▸ **Problem requirements**: Only one stretch of the data below is needed: the line with "MO license plate QL8J8N" through the last line. Output it exactly and drop the pictures.

▸ **Exercise data**:
---------------
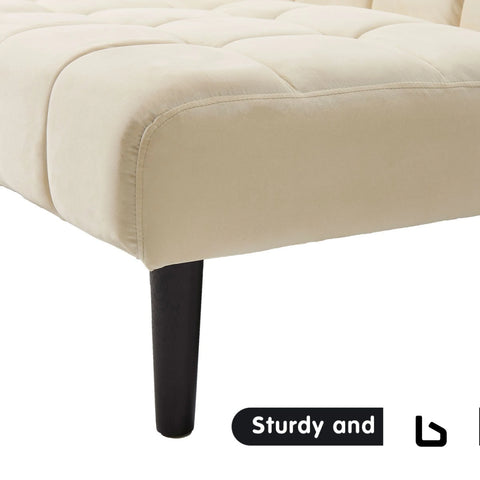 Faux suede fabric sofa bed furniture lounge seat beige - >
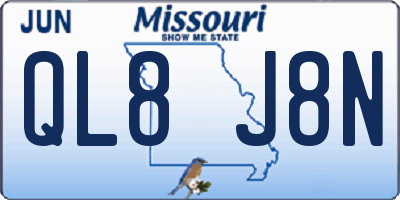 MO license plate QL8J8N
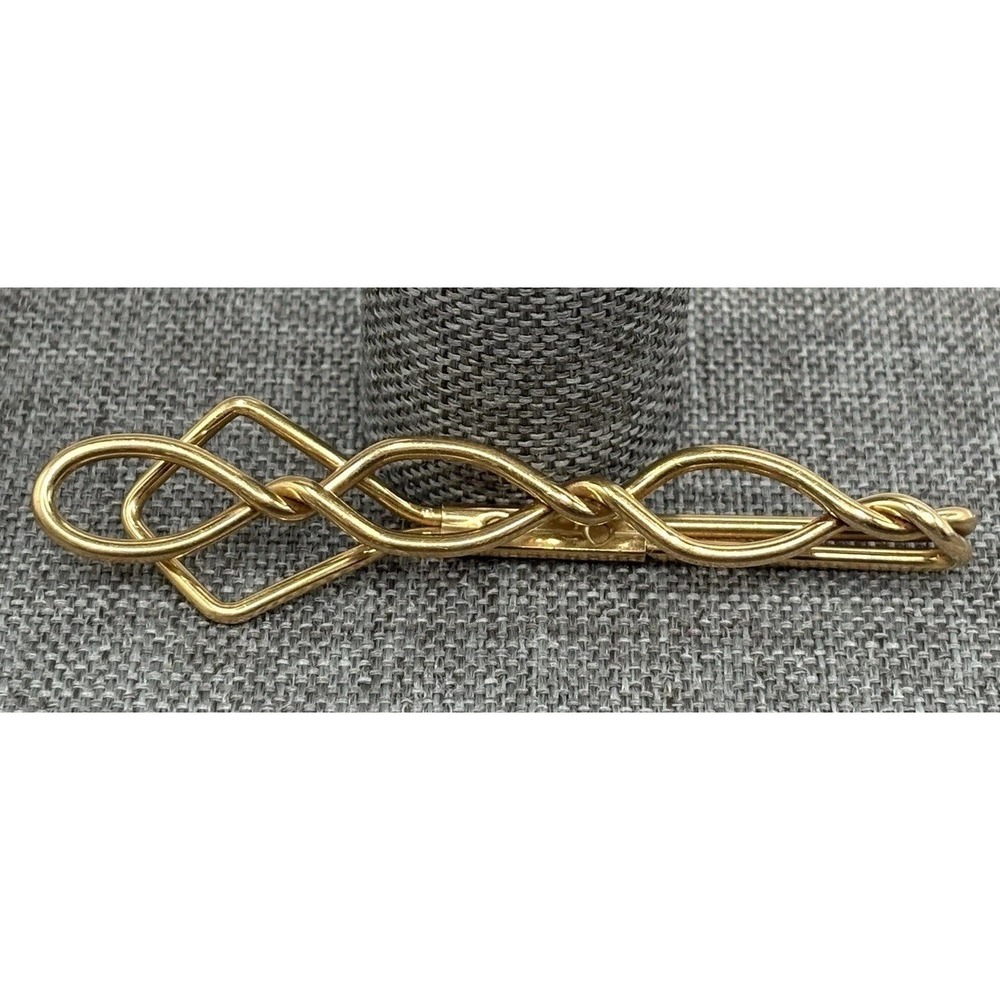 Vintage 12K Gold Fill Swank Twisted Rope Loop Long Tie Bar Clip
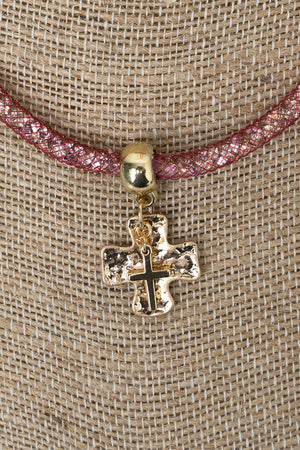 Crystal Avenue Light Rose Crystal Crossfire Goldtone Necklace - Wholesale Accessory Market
---------------
▸ **Solution**:
 MO license plate QL8J8N
 Vintage 12K Gold Fill Swank Twisted Rope Loop Long Tie Bar Clip
 Crystal Avenue Light Rose Crystal Crossfire Goldtone Necklace - Wholesale Accessory Market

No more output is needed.